Başkanlık sistemi’yle ilgili eleştirilere cevap verirken, bir bakan, “Atatürk ve İnönü de dönemlerinde devleti fiilen başkan gibi yönetmiştir” dedi; birkaç yerde tekrarladığı bu tespitini herhalde sizler de işitmişsinizdir.

CHP lideri Kemal Kılıçdaroğlu ise, her gün lâf yetiştirme ihtiyacı duyduğu Başbakan Tayyip Erdoğan’a, “Hadi Atatürk’ten korkmuyorsun, bari Allah’tan kork” diye hitap etti önceki gün...

Aynı gün, Genelkurmay Başkanlığı da, internet sitesine koyduğu bir notla, Atatürk’ün boyunun 1.74, ayakkabı numarasının 42 olduğunu duyurmuştu.

Siz ne derseniz deyin, ben bu ‘Atatürk’ referanslarını doğru bulmuyorum.

Henüz ‘Atatürk’ soyadını almadığı ‘Osmanlı subayı’ olduğu günlerde de Cumhuriyet sonrasında da önemli biriydi Mustafa Kemal Atatürk; buna hiç kuşku yok.
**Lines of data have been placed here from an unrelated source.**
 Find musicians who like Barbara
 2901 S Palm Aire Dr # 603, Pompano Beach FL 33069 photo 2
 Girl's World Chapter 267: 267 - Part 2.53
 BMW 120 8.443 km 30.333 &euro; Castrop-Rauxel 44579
Bir hedefi, o hedefe ulaşmak için belirlediği bir yöntemi ve hedefe eriştiğinde uygulamak üzere bir projesi olduğunu da biliyoruz.
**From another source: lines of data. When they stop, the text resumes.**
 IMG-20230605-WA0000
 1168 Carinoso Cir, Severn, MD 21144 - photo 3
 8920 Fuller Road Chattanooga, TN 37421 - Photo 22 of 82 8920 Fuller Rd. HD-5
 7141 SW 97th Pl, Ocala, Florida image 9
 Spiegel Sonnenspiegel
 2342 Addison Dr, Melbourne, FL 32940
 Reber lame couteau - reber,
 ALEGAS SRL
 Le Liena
20. yüzyılın ilk 40 yılına kalıcı bir damga vurdu.

Atatürk’ün gücü elinde tuttuğu günlerde yaptıkları ve yapamadıkları yaşadığı dönemin global şartlarıyla yakından ilişkilidir: Dinin geri plana itildiği, etnik milliyetçiliğin yükselişte olduğu, tek-adam yönetimlerinin garip karşılanmadığı, demokrasiye elde edilemez bir ütopya gözüyle bakılan bir dönemdi o. ‘Kahramanlar çağı’ denilebilecek bir dönem...
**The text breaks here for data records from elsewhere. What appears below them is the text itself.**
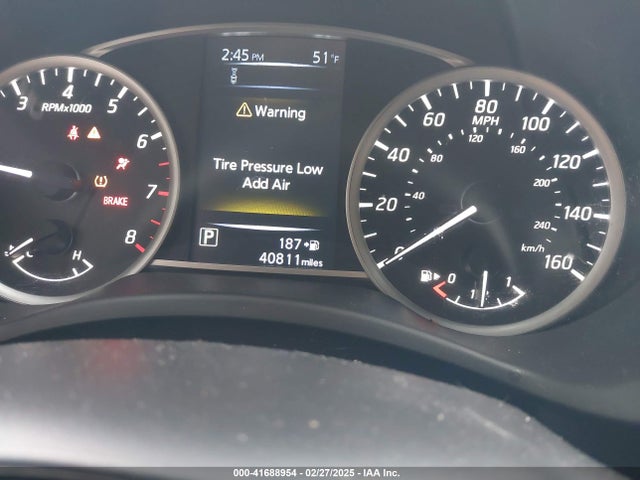 3N1AB7AP2JY230426 Nissan SENTRA S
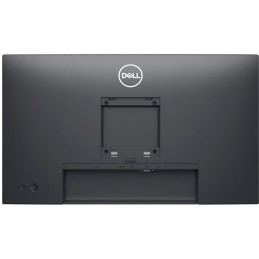 DELL P2425H BEZ STOJANU/ 24" LED/ 16:9/ 1920x1080/ 1500:1/ 8ms/ Full HD/ 3H IPS/ 3x USB/ DP/ HDMI/ VGA/ USB-C/ 3Y Basic
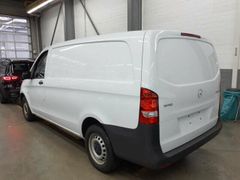Autohaus Thorwesten Gebrauchtwagen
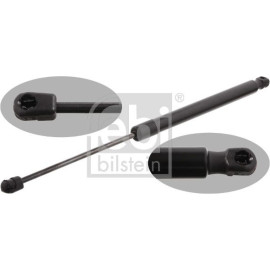 FEBI BILSTEIN Gasdruckfeder 31831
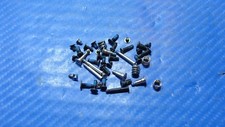Macbook Pro A1278 MB990LL/A Mid 2009 13" Genuine Screws Screw Set GS18073 2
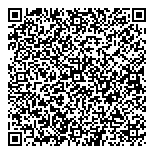 QR код "Бутыль"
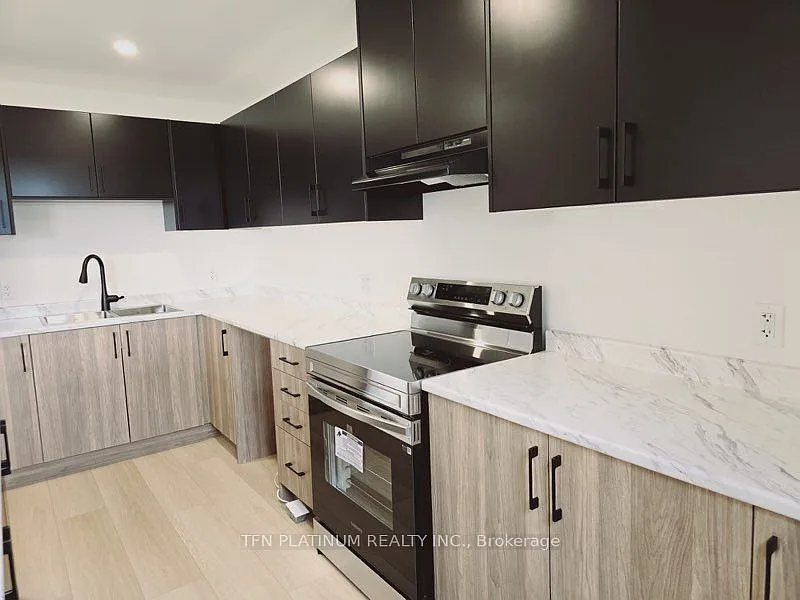 Building Photo - 7329 Parkside Rd #UPPER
Bugün öyle mi ya? Demokrasinin evrensel standart haline dönüştüğü, ırkçılığın lânetlendiği, kılık-kıyafet değiştirircesine hükümetlerin birinin gelip diğerinin gittiği bir dünyada yaşıyoruz. Pozitivizm karşısında meydanı terk etmesi beklenen din insanlar için yeniden önem taşımaya başladı. Yönetimlerde, merkez, bazı yetkilerini çevreye devrediyor ve ‘yerinden yönetim’ modeli giderek yaygınlaşıyor.

Her ortam kendine uygun siyaset adamları çıkarır; bugün dünyanın dört bir tarafında ‘karizması’ bulunmayan, meşruiyetini ‘kahramanlık’tan almayan, ‘sıradan’ sayılabilecek siyaset figürleri iş başında ve kitleler bundan hiç mutsuz görünmüyor.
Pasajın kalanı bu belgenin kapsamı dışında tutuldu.